In Databricks Runtime 15.3 and above, you can use the variant data type to encode and query semi-structured data. Databricks recommends variant as a replacement for storing semi-structured data using JSON strings. The improved read and write performance for variant allows it to replace native Spark complex types such as structs and arrays in some use cases.

How do you query variant data?

Variant data uses the same operators to query fields, subfields, and array elements.

To query a field, use : . For example, column_name:field_name.

To query a subfield, use . . For example, column_name:field_name.subfield_name.

To query an array element, use [n] where n is the integer index value of the element. For example, to query the first value in an array, column_name:array_name[0].

The following differences might break existing queries when upgrading from JSON strings to variant:

  • All variant path elements are matched in a case-sensitive way. JSON strings are case-insensitive. This means that for variant, column_name:FIELD_NAME and column_name:field_name look for different fields in the stored data.

  • The [*] syntax is not support for identifying or unpacking all elements in an array.

  • Variant encodes NULL values differently than JSON strings. See Variant null rules.

Convert JSON strings to and from variant

In Databricks Runtime 15.3 and above, the to_json function has additional functionality to cast VARIANT types to JSON strings. Options are ignored when converting VARIANT to JSON string. See to_json.

The parse_json function transforms a JSON string to VARIANT type. While parse_json(json_string_column) is the logical inverse of to_json(variant_column), the following conversion rules describe why it is not the exact inverse:

  • Whitespace is not perfectly preserved.

  • Ordering of keys is arbitrary.

  • Trailing zeros in numbers might be truncated.

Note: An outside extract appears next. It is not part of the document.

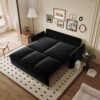 Pull Out Sofa Bed, 3 Seat Convertible Sleeper Sofa With 2 In 1 Pillow And Blanket Set Multifunctional Velvet Loveseat Bed - Black - Image 5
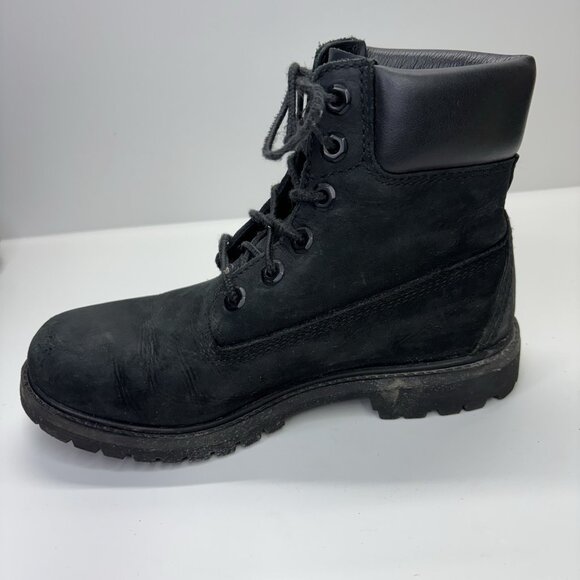 Timberland Womens Premium Black Nubuck 6" Waterproof Boots Sz 7M 8658A Insulated - Picture 9 of 16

The parse_json function returns an error if the JSON string is malformed or exceeds the variant size limit. Use the try_parse_json function to instead return a NULL when an error in parsing occurs.

What are the SQL functions for working with variants?

Apache Spark SQL functions available in Databricks Runtime 15.3 and above provide methods for interacting with variant data. The following table includes the new function, the corresponding JSON string function, and notes on differences in behavior.

Note

To use these functions with PySpark DataFrames, import them from pyspark.sql.functions.

Variant function

JSON string function

Notes

variant_get

cast and get_json_object

Takes an expression, path, and type. Follows all rules for variants paths, casting, and nulls.

try_variant_get

try_cast and get_json_object

Takes an expression, path, and type. Follows all rules for variants paths, casting, and nulls.

is_variant_null

is null

Checks if expression is storing a VARIANT encoded NULL. Use is null to check if the input expression is NULL.

schema_of_variant

schema_of_json

When determining the schema for an ARRAY<elementType>, the elementType might be inferred as VARIANT if there are conflicting types found in the data.

schema_of_variant_agg

schema_of_json_agg

When no least common type is identified, the type is derived as VARIANT.

variant_explode

explode

Outputs pos, key, and value columns. When exploding an array, the output key is always null.

variant_explode_outer

explode_outer

Outputs pos, key, and value columns. When exploding an array, the output key is always null.

Variants handle casting and NULLs differently than JSON strings. See Variant type casting rules and Variant null rules.